Riforme tedesche per la flessibilità e la sicurezza del lavoro

Danimarca e Paesi Bassi hanno aperto la strada in Europa a riforme del mercato del lavoro che conciliano flessibilità e sicurezza sociale. Hanno migliorato l'impiegabilità delle persone, hanno individualizzato l'assistenza nella ricerca di un impiego e nel trasferimento dei diritti da un posto di lavoro all'altro (paga, prospettive pensionistiche, livello contrattuale), hanno incoraggiato le persone ad assumere il rischio del cambiamento di azienda.

La loro esperienza di "flexisicurezza" ha generato un'ampia letteratura di economisti, giuristi, rappresentanti dell'impresa, del sindacato, della politica.

Anche la Germania, durante il governo Schroeder, ha riformato il mercato del lavoro con una delle leggi Hartz (dal nome dell'allora direttore del personale della Wolkswagen). Gli effetti della riforma sono stati trascurati dagli studiosi per la grave crisi industriale e occupazionale che ha colpito  quella che fino a poco tempo prima era stata la "locomotiva d'Europa".
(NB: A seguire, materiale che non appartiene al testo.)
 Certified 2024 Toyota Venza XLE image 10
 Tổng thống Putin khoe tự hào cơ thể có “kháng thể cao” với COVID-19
Con la forza delle esportazioni, che continuano a collocare la Germania al primo posto delle classifiche sul commercio mondiale, questo paese va conoscendo un inizio di ripresa economica e occupazionale.

Opportuna perciò è la pubblicazione nei "Discussion paper", SPI 2006-108, del WZB, il Centro di ricerca per le scienze sociali di Berlino, del saggio di Jamine Leschke, Günther Schmid e Dorit Griga "On the marriage of flexibility an security: Lessons from the Hartz-reforms in Germany".

Il saggio rivendica l'originalità dell'esperienza tedesca, che ha unito flessibilità e sicurezza del lavoro, senza essere "flexisicurezza".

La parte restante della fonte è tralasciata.